Before I could travel on from Laos to Cambodia, I unfortunately had to make a detour via Bangkok in Thailand. The direct way was unfortunately not possible for me, the reason for this was quite banal. My passport was full – there was no free page for the full page Cambodian visa. I thought it would be no problem to use an already stamped page for a new visa, which means to paste over the existing entry. When I had made this suggestion to the border guard when entering Laos, he got quite angry and the way he looked at me, I was lucky that he lowered himself to use the last free page for the Laotian visa and I was allowed to enter at all. The only Austrian diplomatic representation for the countries Laos, Cambodia, Vietnam and Thailand is in Bangkok – so back to square one. After I had heard from the embassy that it takes 4 weeks until a new one is issued and forwarded to Bangkok, I had already prepared myself for a longer stay on one of the many Thai islands. So it was all the more pleasing that my passport could be released for visa use by a simple confirmation of 3 more pages. I had the new passport forwarded directly to the embassy in Singapore, because according to my planning I was going to pass by there once in the next weeks, so there was nothing in the way of a quick onward journey.
3 days after arrival in Bangkok I already crossed the border between Thailand and Cambodia with the destination Sihanoukville, a town in the south of the Khmer state. My destination was Kho Rong, a small island in front of the town.
The island was very small and somehow relaxed, but the audience was quite young, mainly backpackers – so partying was a daily routine until the early hours of the morning, sleeping was hardly possible before 4am.
Most of the restaurants and guest houses were run by foreigners who knew exactly how to serve their international audience.

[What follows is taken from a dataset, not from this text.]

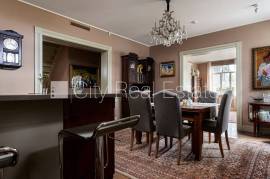 Detached house for rent in Jurmala, 220.00m2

During the few months of high season, things are pretty busy there, many islanders find (rather underpaid) employment during this time..
To get away from this hustle and bustle, you could take a boat to one of the remote bays and rent an exclusive resort. But the prices there are more than my travel budget, so I left the island after 2 nights and took the fastest way to the north – to the capital Pnomh Penh.

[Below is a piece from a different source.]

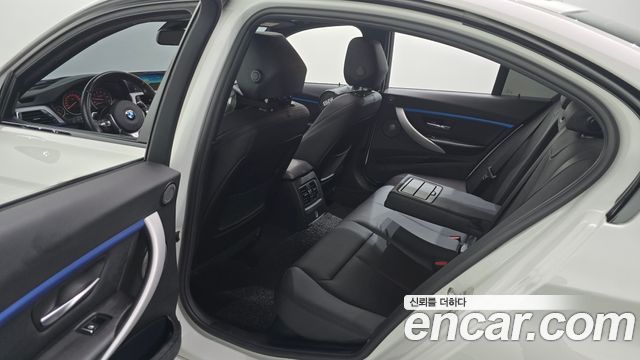 BMW 3 Series (F30) 320i M Sport 2018 — фото 16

About 2 million people live in Phnom Penh. It is situated on a side arm of the Mekong and life in this city is still relatively peaceful compared to other capitals of the region. Extensive green spaces and avenues make the city seem quieter than the other capitals in the region – although Phnom Penh also has more than 500,000 small motorcycles on the road.
Of course there are also a number of Wat’s, buddhist monasteries that can be visited.
By coincidence I was also lucky enough to observe the handing over of a stone sculpture at the Historical Museum. The ceremony was quite solemn, the statue and a high-ranking personality were in the centre of attention, in whose honour a traditional dance was performed.